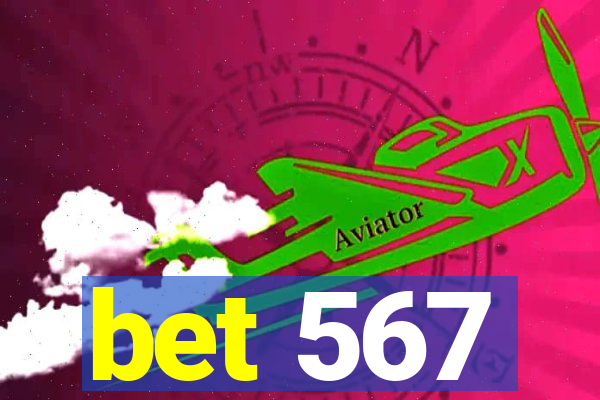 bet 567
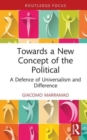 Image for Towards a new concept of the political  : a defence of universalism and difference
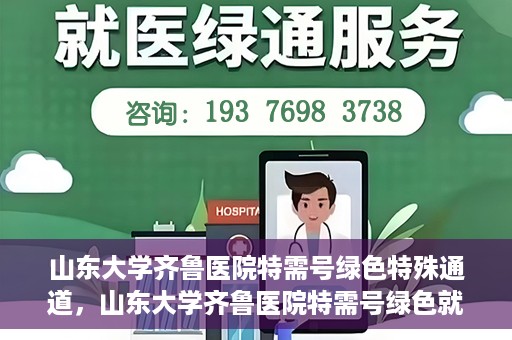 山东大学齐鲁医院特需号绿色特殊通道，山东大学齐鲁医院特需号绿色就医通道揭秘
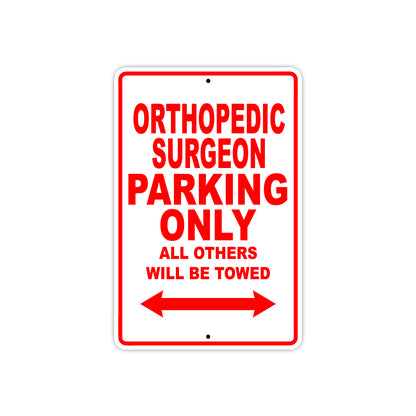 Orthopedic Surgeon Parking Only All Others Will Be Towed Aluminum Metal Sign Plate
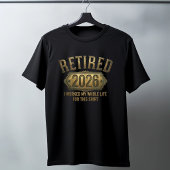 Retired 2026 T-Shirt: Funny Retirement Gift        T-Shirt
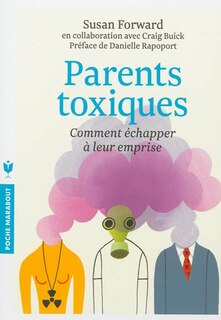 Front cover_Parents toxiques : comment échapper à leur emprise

...

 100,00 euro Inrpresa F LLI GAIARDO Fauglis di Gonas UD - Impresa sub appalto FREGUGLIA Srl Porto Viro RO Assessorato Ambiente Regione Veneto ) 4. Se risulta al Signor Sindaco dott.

## Brief
Leaving every picture aside, reproduce exactly the lines above from the one with "Image for Towards" up to and including the one with "Front cover_Parents toxiques", and no others.

## Answer section
 Image for Towards a new concept of the political  : a defence of universalism and difference
 山东大学齐鲁医院特需号绿色特殊通道，山东大学齐鲁医院特需号绿色就医通道揭秘
 Orthopedic Surgeon Parking Only All Others Will Be Towed Aluminum Metal Sign Plate
 Retired 2026 T-Shirt: Funny Retirement Gift        T-Shirt
 Front cover_Parents toxiques : comment échapper à leur emprise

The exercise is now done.